DSD Fall 2022: Quantifying the Commons (4/10)

In this blog series, I discuss the work I’ve done as a DSD student researcher from UC Berkeley at Creative Commons.

Bransthre
11 min readNov 17, 2022

In this post, I perform some EDA on currently acquired data to improve the sampling processes.

DSD: Data Science Discovery, is a UC Berkeley Data Science research program that connect undergraduates, academic researchers, non-profit organizations, and industry partners into teams towards their technological developments.

In Data Science, asking questions is important. Ask what questions? Why ask questions? We ask questions to suspect and investigate the current discoveries. The first step of doing so is to explore the data we acquired.

This process of asking questions and finding characteristics of a dataset is generally summarized as “EDA”: Exploratory Data Analysis.

Let us start off with performing EDA on our current datasets. Specifically, we will be investigating and observing the following qualities of the datasets gathered at this point:

1. Structure of Dataset: Shape? Format? Columns?

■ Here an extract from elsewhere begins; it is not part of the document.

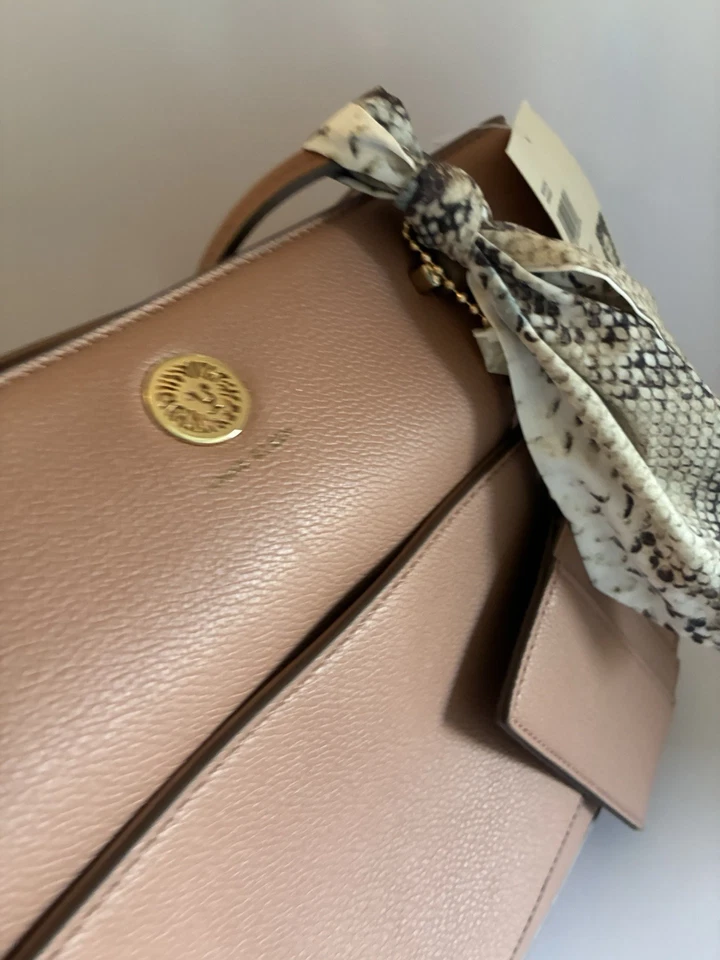 Cartera mediana Anne Klein Sadie Comp cosecha herrajes dorados nueva con etiquetas Foto 3 de 4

2. Granularity: What does each record of the dataset stand for?

3. Scope of Sampling: What is the scope at which we sampled CC-protected documents?

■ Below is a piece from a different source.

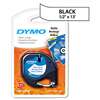 DYMO 91331 LetraTag Plastic Label Tape Cassette, 1/2" x 13ft, White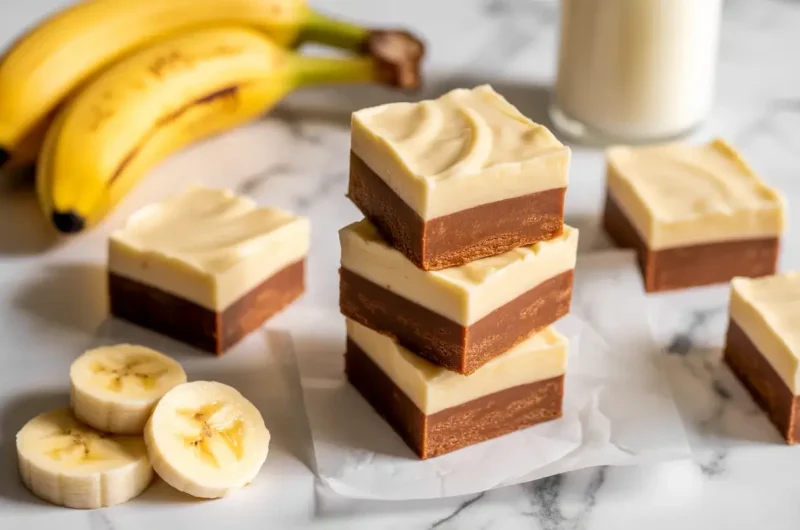 Banana Fudge Squares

4. Temporality of Data: How updated is the data? How is the data updated?

5. Faithfulness of Data: How reliable is the data? How is the data reliable?

Note: Since the full EDA is a very long snippet of text and analysis, I will move that to the appendix of this blogpost, so to not disrupt the flow of ongoing discussion on explorative analyses.

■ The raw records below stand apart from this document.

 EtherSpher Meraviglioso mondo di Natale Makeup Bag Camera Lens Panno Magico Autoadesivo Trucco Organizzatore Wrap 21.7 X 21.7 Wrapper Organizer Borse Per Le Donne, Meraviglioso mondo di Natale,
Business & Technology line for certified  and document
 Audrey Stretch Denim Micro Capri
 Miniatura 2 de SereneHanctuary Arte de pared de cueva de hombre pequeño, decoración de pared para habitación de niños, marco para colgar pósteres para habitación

An Example of Improve-able Dataset

It would be more fitting for me to critique on my own datasets first.

Let us observe what data is currently to disposal when it comes to making visualization. All datasets mainly focus on “Document Count”, and the set of datasets (database) involve data of Document Count across license typing, version, freeness, and platform. This is good enough to replicate past efforts.

However, we would then sacrifice analysis on some valuable axes for product analysis, say: the product usage’s state across chronological and geographical demographics.
Meanwhile, it is evident that Google Custom Search API has the depth of information and capability to handle and gather the desired information listed above.

Surveying the faithfulness of my datasets, we will immediately find that YouTube’s General Search Data is almost not useable. This will be further revealed with a cross-time analysis on YouTube’s number of videos across two-month periods.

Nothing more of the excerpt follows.